My roommate/lover in a halfway house in Florida pulled this one on me in 2010. I knew he had drunk a bottle of Robitussin, and I saw the humongous stack of Seroquel laid out on his bed that his parents had given him to take with him home from his recent visit to see them in Virginia, but I didn't put 2 and 2 together until he was damn near about to aspirate on his own throw up the next morning, and was breathing but unresponsive. I immediately called 911, they hauled his sorry (or well just pathetic anyway) ass out the apartment on a stretcher and took him to the nearest hospital, which was close. While there, he started to turn green, and they put him on a ventilator for a day or two. If I hadn't have called 911 when I did, his lifeless body would have likely long since been pushing up daisies by now, and I very well would have been in for a big guilt trip for telling him what brand of Robitussin cough syrup to buy, not calling earlier, etc. Of course, he got kicked out for the Robitussin (apparently it's not ok to trip on Robitussin in this halfway house, but attempting suicide with massive amounts of Seroquel is not an actionable offense, lol).

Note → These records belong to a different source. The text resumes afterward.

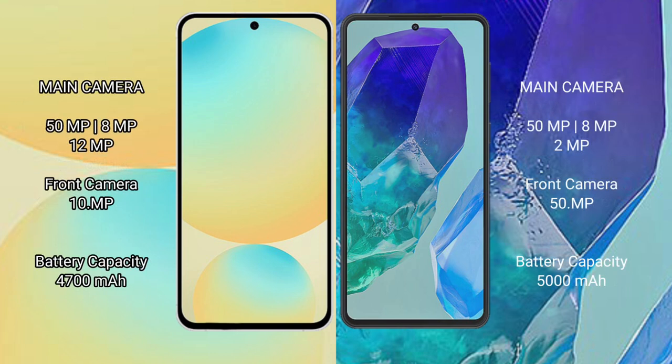The Samsung Galaxy S24 FE features a rear triple camera setup: 50MP plus 8MP plus 12MP, and a front camera of 10MP.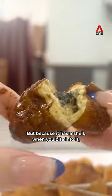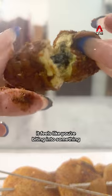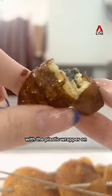The texture is a bit mushy, but because it has a shell, when you bite into it, it feels like you're biting into something with a plastic wrapper on.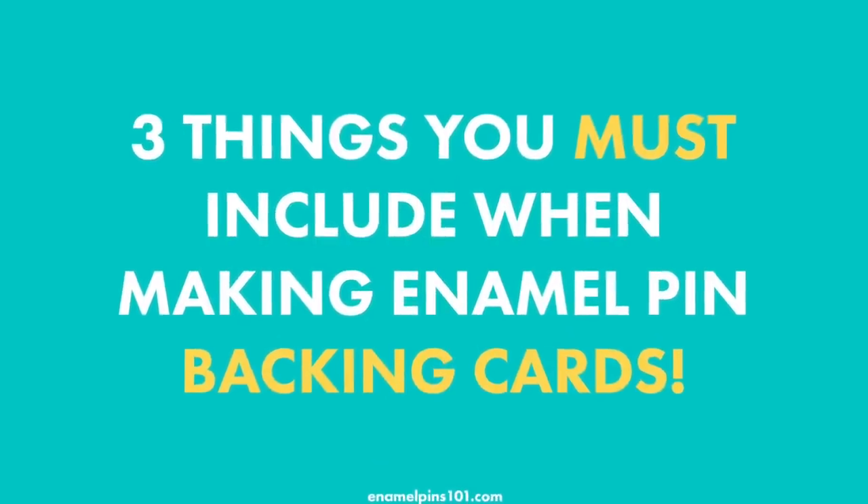Making backing cards can be a little bit intimidating, but today I'm going to talk about the three things that you must include on all of your enamel pin backing cards. I'm going to show you some examples of different types, and at the end I've got a download for templates that you can use for different sizes of backing cards.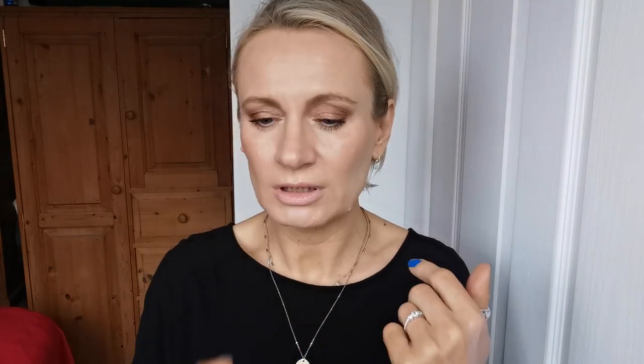I mainly use SPF 50 on my face every day — I only use SPF 30 very rarely in winter when there's no sun. The first one is tinted but quite light, and the second one is slightly darker, as it's for medium to tan skin tones. I'm a little tanned at the moment from fake tan — I'm kind of more yellow, though the camera exaggerates it a bit.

In my state of desolation, and with the mailman unexpectedly and serendipitously delivering me 500mg of MDPV the next day, I too overdosed (on the MDPV) and got sent to the hospital and kicked out on the streets as well. I fell and hurt my foot whilst on the peevee, but did manage to limp over to the Salvation Army, whose uppity bitch cunt female boss immediately informed me "point blank" (her word choice--what is the fucking bitch about to blow my brains out now, too? wtf) that I would not be attending her inpatient drug rehabilitation program for indigent men because I was carrying around a bag of Zyprexa and clonidine fresh outta the hospital. Wouldn't you know it, my dad had been as it turns out a fairly big money supporter of the Salvation Army, and they treat mentally ill homeless drug addicts like this?!!
I later learned (or maybe I already knew), that the Salvation Army was founded by the Rothschilds in the 19th century sometime to launder their Sino-China Opium Drug War profits, and that the red shield was derived from the Rothschild family's coat of arms, so they have always obviously been a bunch of greedy, fraudulent scumbags, but hey, Fuck that bitch!!! I had to spend my only night homeless in Fort Lauderdale on the streets where I was robbed at gunpoint when I could have just taken the bus to the beach and slept there under the stars and in a much, much better neighborhood, but no I spent it next to the goddamn Salvation Army where a crackhead whom I had befriended earlier came back to where I was sleeping in the middle of the night (he's the one who showed me the best spot to go and sleep) with a revolver to my head demanding all the money I had, which was $12. I relented, and luckily, lived to tell about it.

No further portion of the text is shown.